**PROBLEM DETAILS:** Of all the lines below, return only those starting with the line holding "China Shoe And" and going on through the line holding "Things Remembered RARE", exactly as written.

**GIVEN DATA:**

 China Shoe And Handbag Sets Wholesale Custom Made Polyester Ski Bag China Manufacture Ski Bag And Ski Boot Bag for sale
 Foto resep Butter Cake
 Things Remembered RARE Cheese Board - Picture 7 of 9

==

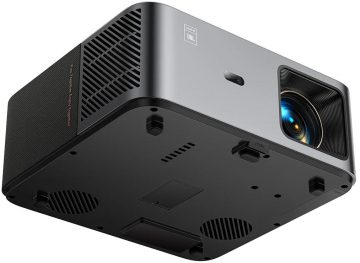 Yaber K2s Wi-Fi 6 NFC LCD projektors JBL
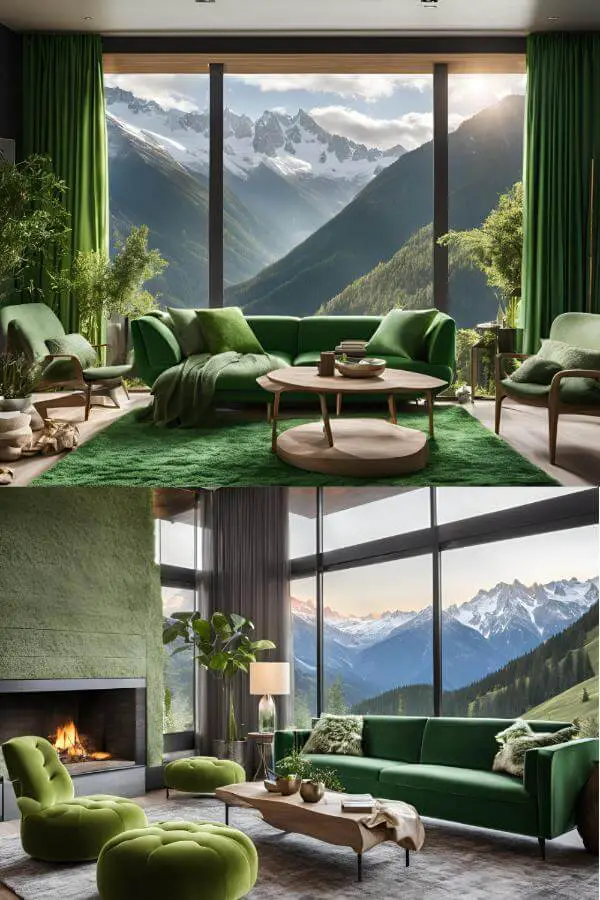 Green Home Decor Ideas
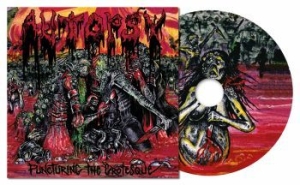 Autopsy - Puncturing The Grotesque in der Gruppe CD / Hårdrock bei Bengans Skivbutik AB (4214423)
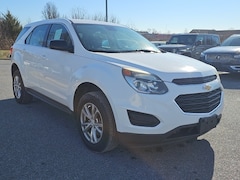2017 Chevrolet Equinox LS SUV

==

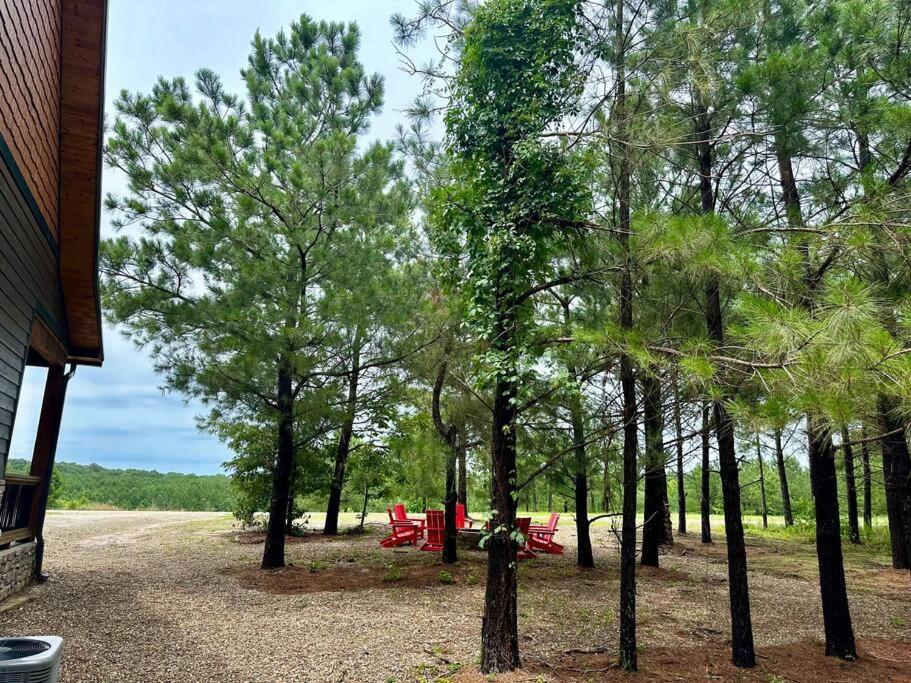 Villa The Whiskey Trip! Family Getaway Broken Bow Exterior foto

**ANSWER TO THIS EXERCISE:**
 China Shoe And Handbag Sets Wholesale Custom Made Polyester Ski Bag China Manufacture Ski Bag And Ski Boot Bag for sale
 Foto resep Butter Cake
 Things Remembered RARE Cheese Board - Picture 7 of 9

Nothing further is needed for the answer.